Both Green Knowe and Tom’s Midnight Garden have a number of similarities: both set in the country near Cambridge, both based around houses that actually exist (Green Knowe’s being one of the oldest inhabited houses in the UK and where Lucy Boston lived, imagined and wrote her stories) both finishing at winter/Christmas and both incorporating christian symbolism easily in their tales.

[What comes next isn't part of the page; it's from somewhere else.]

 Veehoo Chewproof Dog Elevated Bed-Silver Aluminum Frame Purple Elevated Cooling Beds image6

“This poor youngling, for whom we sing..”

BBC Green Knowe's Tolly

Tom’s Midnight Garden incorporates the Book of Revelation and Ely Cathedral but Green Knowe absolutely drips with christian folklore, again possibly reflecting popular culture before it went full pagan folklore. Allusions to The Flood, the Ark and Noah are writ large from page one. In fact, they are not allusions but integral and stated. Magic and story builds to Christmas eve, there are dreams at Midnight Mass and a repetition of Christmas Carols. ‘The Holly and the Ivy,’ sits with ‘Tomorrow shall be my Dancing Day’ (the carol that inspired ‘Lord of the Dance’) and ties in nature to christian myth as much as the birds and animals that are a part of the garden and book are tied to Noah’s Ark.

 

St Christopher, as statue and presence, stands in the literal shadows of house, church and story. St Christopher’s popularity in the UK from the middle ages to only a few decades ago is reflected in the paintings of him as a giant on walls of old churches across the land. As saint of travellers, Saint Christopher necklaces were ubiquitous even relatively recently. If you were travelling abroad or away, to be given a ‘St Christopher’ was about as common as getting travel directions and cautions to not drink the water.

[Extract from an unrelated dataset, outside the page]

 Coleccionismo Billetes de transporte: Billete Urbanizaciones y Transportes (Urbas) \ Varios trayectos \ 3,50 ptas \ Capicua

Old prayer ditties, ‘Mathew, Mark, Luke and John; bless this bed that I lie on,’ are also part of the weaving of song and layers into the story along with ghostly lullabies, a masque where the old are enamoured while lovers shot dead and a chanting spell-song to the Demon Tree. This song itself given history in a ‘Quatermass and the Pit’ style revelation.

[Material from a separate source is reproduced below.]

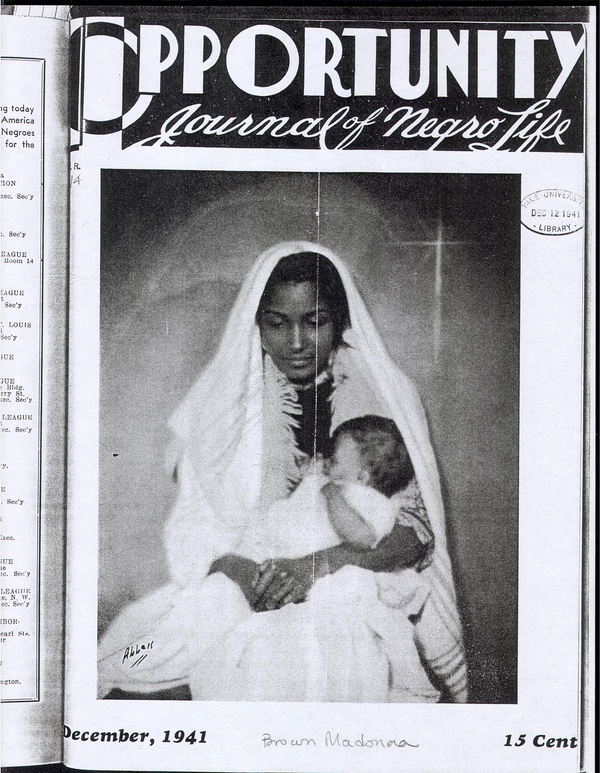 A black and white photo of a veiled black mother and child is printed on a magazine cover. The magazine is entitled "Opportunity" in blocky font with the subtitle "Journal of Negro Life" in script. The date, "December, 1941" is printed at the bottom.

Book Illustration by Peter Boston

This constant layering is referenced blatantly in the description of mirrors in mirrors, dolls in dolls and shadows of shadows. Knowe is itself Noah, name of house and tree and inhabitants: Green Knowe, Green Noah, Old Noah, OldKnow. All as interchangeable and intermingled as the names of the living and the dead and their relation to each other. What should be a complete confusion is relayed so matter of factly in the innocence of a 1950s children’s story that the Grandmother talking in the present tense about things that happened hundreds of years ago is completely as it should be. It also reminded me of hearing history relayed by old guys I worked with in the countryside when I was a lot younger.

The story as a whole may be woven with many threads but all of the pattern seems to be on display, it doesn’t feel as if there are any hidden designs. Some of the stitches might be a ghost girl saying ‘I’m dead’ or someone recounting their grandson’s legs being blown off but in no greater fashion than when they talk of putting sugar in their tea. I might be erroneously trying to fit it alongside stories like MR James Lost Hearts when it is actually exactly what it appears: a children’s book from the early 1950s from an author steeped in her time. Whatever the case, I have read The Children of Green Knowe three times this year and watched the TV series twice and I still don’t quite know what it is. A very dated children’s story or an unsettling multi-layered haunting.